# ABOUT THIS EXERCISE
The response must consist of the lines from the one holding "Фото #5 товара" through the final line of the entries, given again exactly and without any pictures.

[THE RECORDS — start]

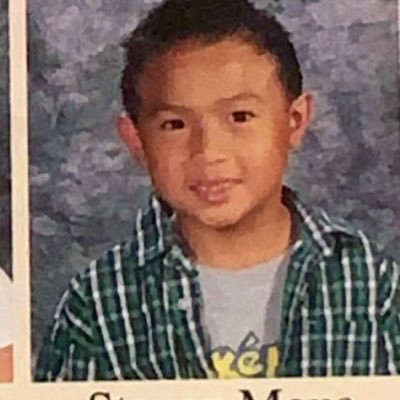 Profile Picture of Steven Moua (@the_realsteven) on Twitter
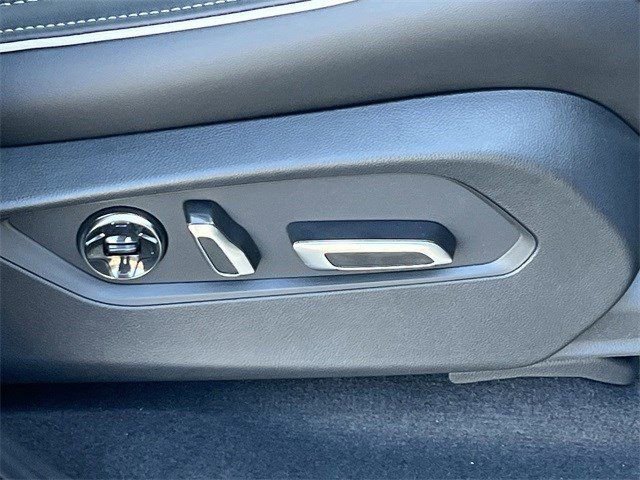 New 2026 Acura MDX SH-AWD w/ Advance Package image 30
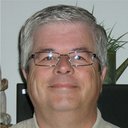 John Hauptman - @lakejohn247 - Twitter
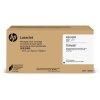 HP W9243MC Magenta toner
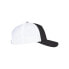 Фото #5 товара FLEXFIT Cap 5-panel Retro 2-tone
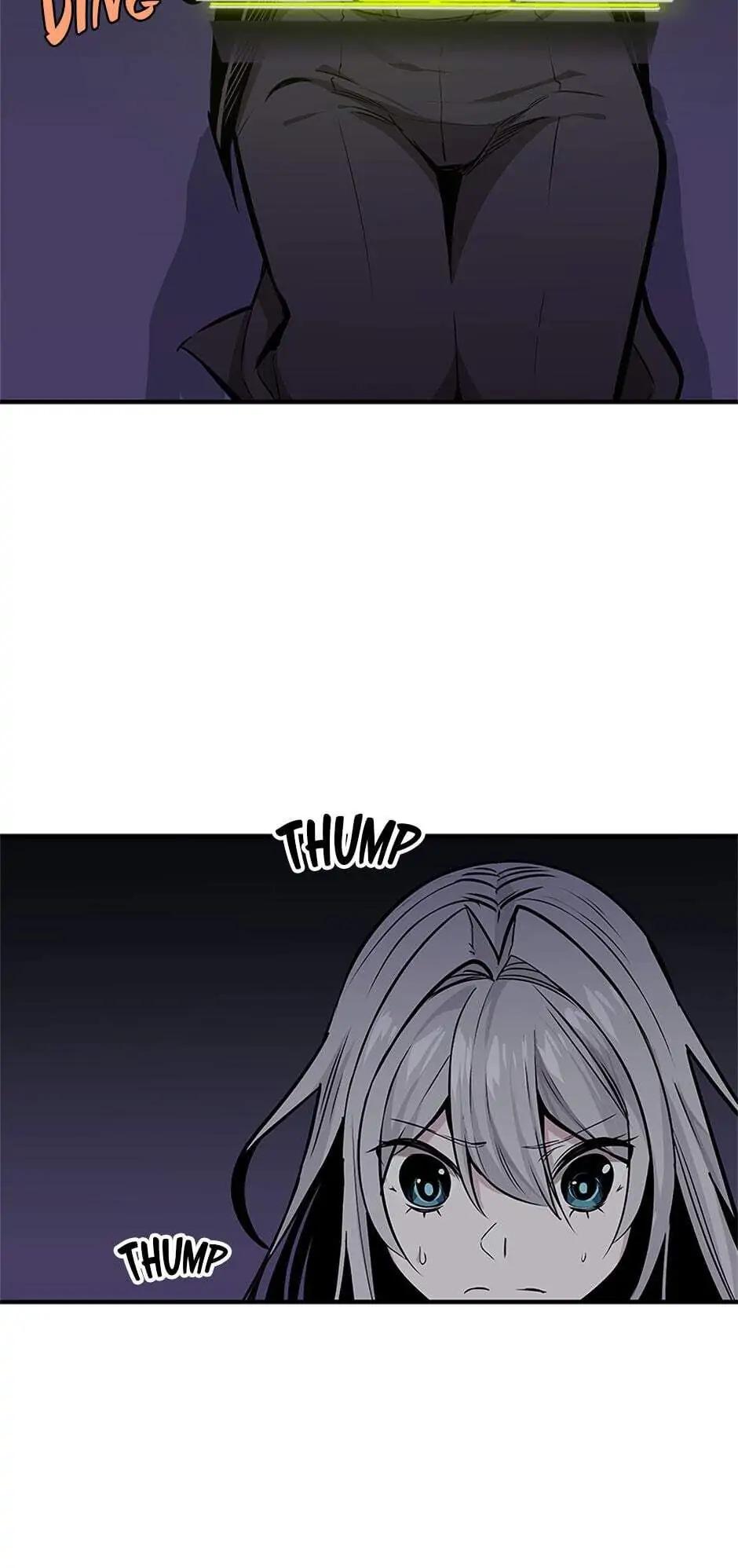 The Tutorial Is Too Hard Chap 29 - Next Chap 30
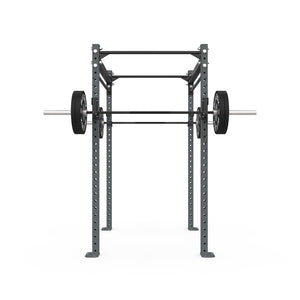 3 Series Free Standing Rigs - BLK BOX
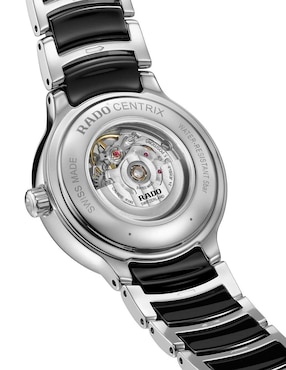 Reloj Rado Centrix para mujer R30020742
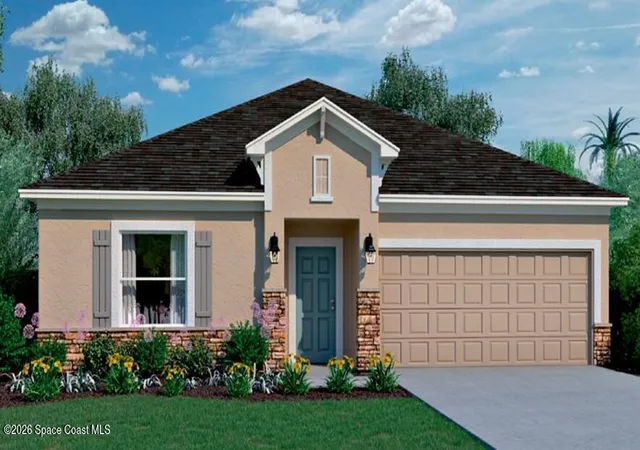 1st image of 2999 Isle Wy, Titusville, FL 32780 | MLS# 1085242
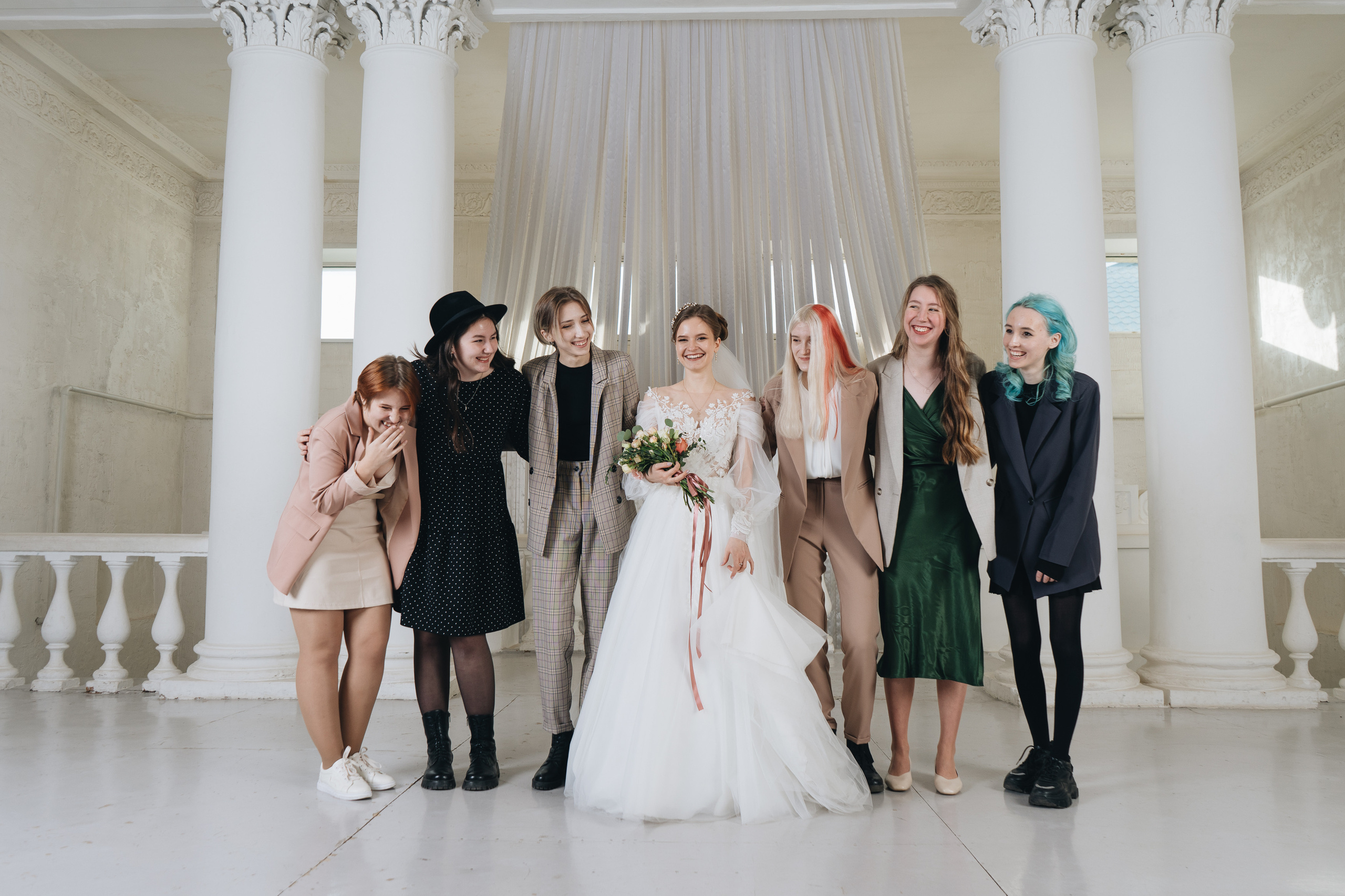 Полина Егор. Фотограф Томск Новосибирск Елизавета Вахтеева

[THE RECORDS — finish]

# COMPLETED EXERCISE
 Фото #5 товара FLEXFIT Cap 5-panel Retro 2-tone
 The Tutorial Is Too Hard Chap 29 - Next Chap 30
 3 Series Free Standing Rigs - BLK BOX
 Reloj Rado Centrix para mujer R30020742
 1st image of 2999 Isle Wy, Titusville, FL 32780 | MLS# 1085242
 Полина Егор. Фотограф Томск Новосибирск Елизавета Вахтеева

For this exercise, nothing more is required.